> **DATA BLOCK**
>>>>

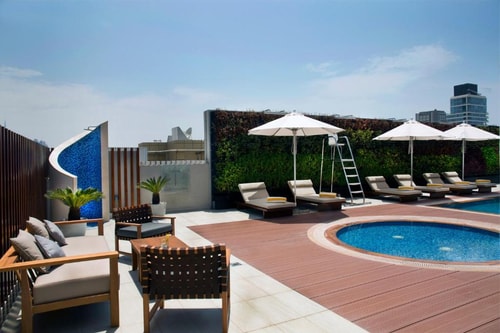 Superior Room Near ADCB Metro Station 3 Luxury Bookings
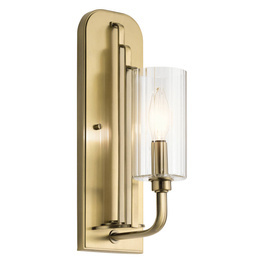 Kimrose QN-KIMROSE1-BNB Ścienna lampa Elstead Lighting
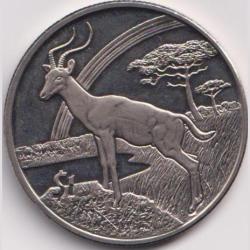Sierra Leone 1 Dollar 2006 (Dear Animals ) UNC Coin Wight 28.28 Gram #H24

<<<<

> **EXERCISE OBJECTIVE**
Only the pictures may be dropped when you copy the data above; everything else stays exact.

> **RESPONSE FOR THIS EXERCISE**
 Superior Room Near ADCB Metro Station 3 Luxury Bookings
 Kimrose QN-KIMROSE1-BNB Ścienna lampa Elstead Lighting
Sierra Leone 1 Dollar 2006 (Dear Animals ) UNC Coin Wight 28.28 Gram #H24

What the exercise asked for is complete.